Kirkland Alert

Public Company Updates: SEC Adopts 10b5-1 Trading Plan Rules; Stock Buyback Proposal Comment Period Reopened; New Non-GAAP CDIs

Key Takeaways:


  • New rules regarding Rule 10b5-1 plans were adopted by the SEC, but the SEC reopened the comment period for the related proposal regarding stock buybacks.
  • SEC rules now contain new requirements in order for insiders to rely on the affirmative defense to insider trading provided by Rule 10b5-1(c)(1), including mandatory minimum cooling-off periods for individuals (between 30 and 120 days) between entry into or modification of a Rule 10b5-1 trading plan and execution of the first trade.
  • The SEC did not adopt rules requiring a cooling-off period for issuers.
  • Forms 4 and 5 have been amended to require Section 16 filers to identify trades made pursuant to a Rule 10b5-1 plan.
  • Bona fide gifts of securities by insiders are now reportable within 2 days on Form 4, rather than at the end of the year on Form 5.
  • The Division of Corporation Finance published new and revised Compliance & Disclosure Interpretations to expand the universe of what the staff believes to be “misleading” non-GAAP disclosures and provide examples of when non-GAAP measures may be considered to be more “prominent” than comparable GAAP measures.

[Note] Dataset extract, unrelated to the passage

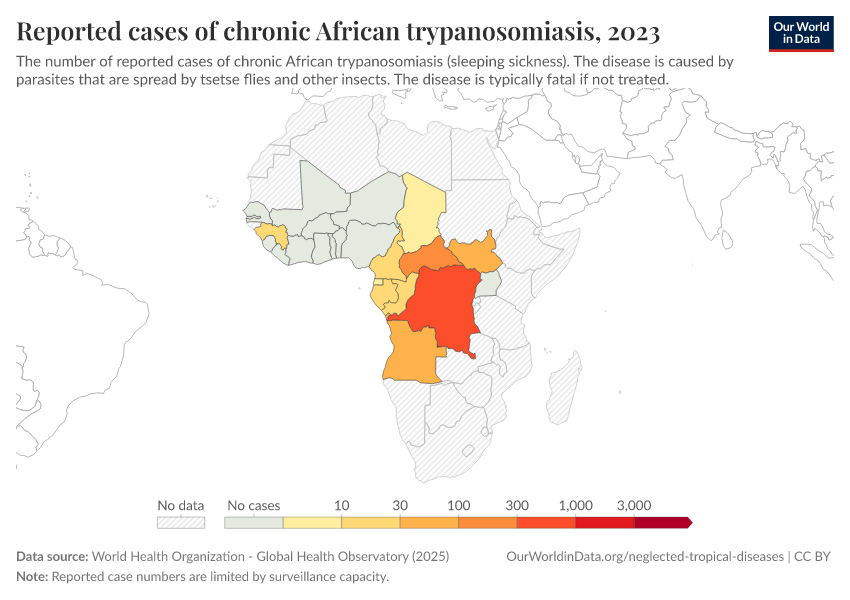 A thumbnail of the "Reported cases of chronic African trypanosomiasis" chart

SEC Adopts Amendments to Rule 10b5-1 and Related Rules and Forms


Overview


Rule 10b5-1(c)(1) under the Securities Exchange Act of 1934, as amended (the “Exchange Act”) provides an affirmative defense to allegations of insider trading for persons who trade in a company’s securities if the person can demonstrate, among other conditions, that before becoming aware of material nonpublic information (“MNPI”), the person had: (i) entered into a binding contract to buy or sell the securities; (ii) provided instructions to another person to execute the trade for the instructing person’s account; or (iii) adopted a written plan for trading securities. These arrangements are often referred to as “Rule 10b5-1 plans,” and must meet certain requirements with respect to trading and be entered into in good faith. Rule 10b5-1 plans are commonplace both for companies that buy their own securities in the open market as well as directors, officers and certain other employees who are frequently in possession of MNPI.

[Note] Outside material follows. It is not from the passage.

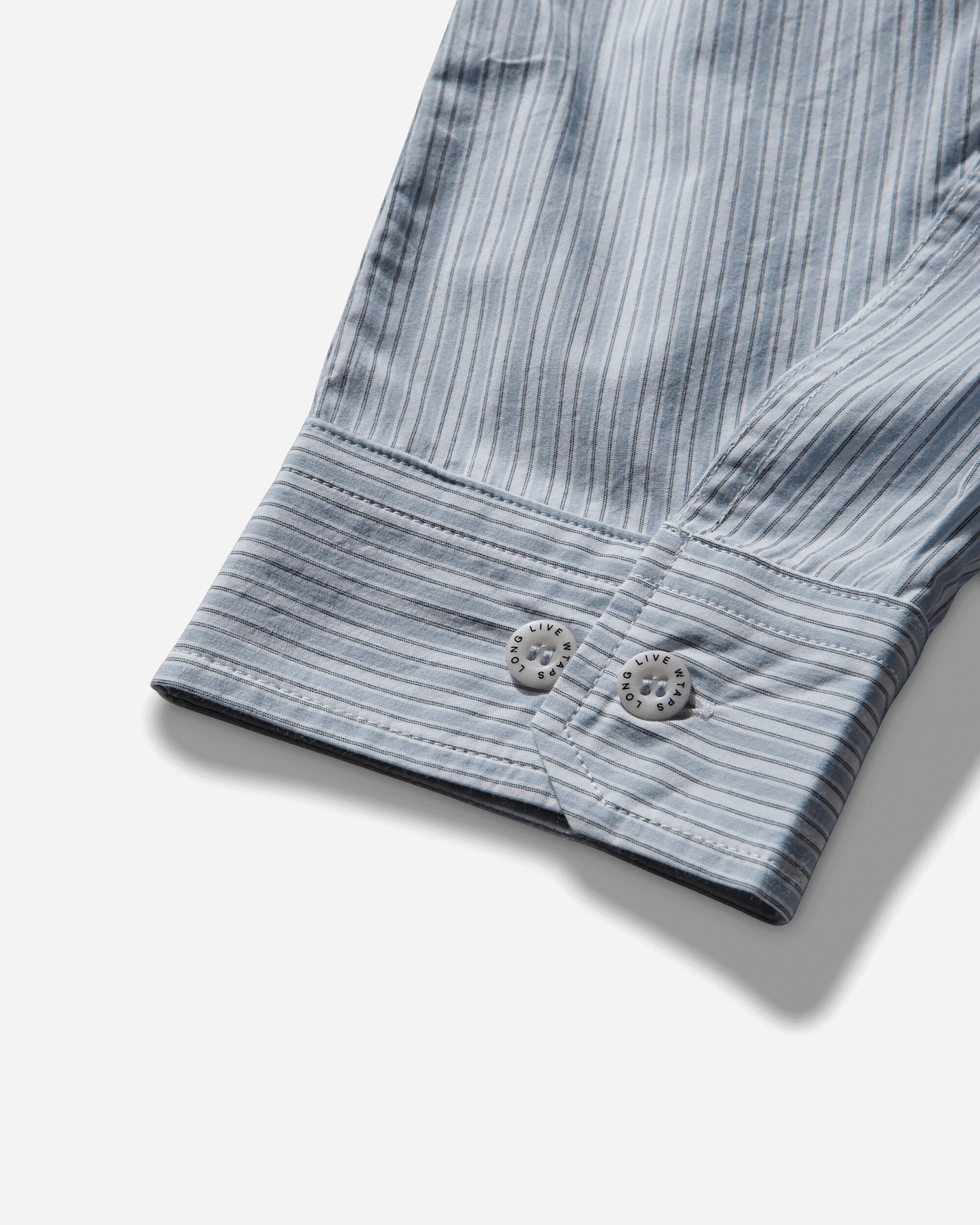 WTAPS Bd 06  Ls  Cotton Broadcloth Textile Of Blue Shirts Longsleeve Shirt 252WVDT-SHM01 BLUE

On December 14, 2022, the SEC adopted rules related to the use of Rule 10b5-1 trading plans (the “SEC 10b5-1 Plan Rules”) that add new conditions to the availability of the affirmative defense to insider trading under the Exchange Act; and create new disclosure requirements for issuers, Section 16 officers, employees and directors regarding such 10b5-1 trading plans.

Below is a summary of and certain implications and recommendations regarding the SEC 10b5-1 Plan Rules.

Effective Dates


The SEC 10b5-1 Plan Rules will become effective 60 days following publication of the SEC adopting release in the Federal Register. Section 16 reporting persons will have to comply with changes to Forms 4 and 5 beginning on April 1, 2023. Companies must comply with the new disclosure requirements in Forms 10-Q, 10-K, 20-F and in proxy and information statements in the first filing that covers the first full fiscal period that begins on or after April 1, 2023. Smaller reporting companies must provide the new disclosures in the first filing that covers the first full fiscal period that begins on or after October 1, 2023.

New Requirements


1.  Cooling-Off Periods

Under the SEC 10b5-1 Plan Rules, individual insiders—not the issuer itself—are now subject to a “cooling-off period” after the adoption or modification of a Rule 10b5-1 plan before trades may commence pursuant to such plan. Specifically, directors and officers are subject to a cooling-off period of the later of: (1) 90 days following plan adoption or modification; or (2) two business days following the disclosure in certain periodic reports (Form 10-Q or Form 10-K for domestic filers and Form 20-F or Form 6-K for foreign private issuers) of the issuer’s financial results for the fiscal quarter in which the plan was adopted or modified (but not to exceed 120 days following plan adoption or modification). Persons other than directors or officers must comply with a 30-day cooling-off period. In a change from the proposal, the SEC did not adopt a cooling-off period for issuers.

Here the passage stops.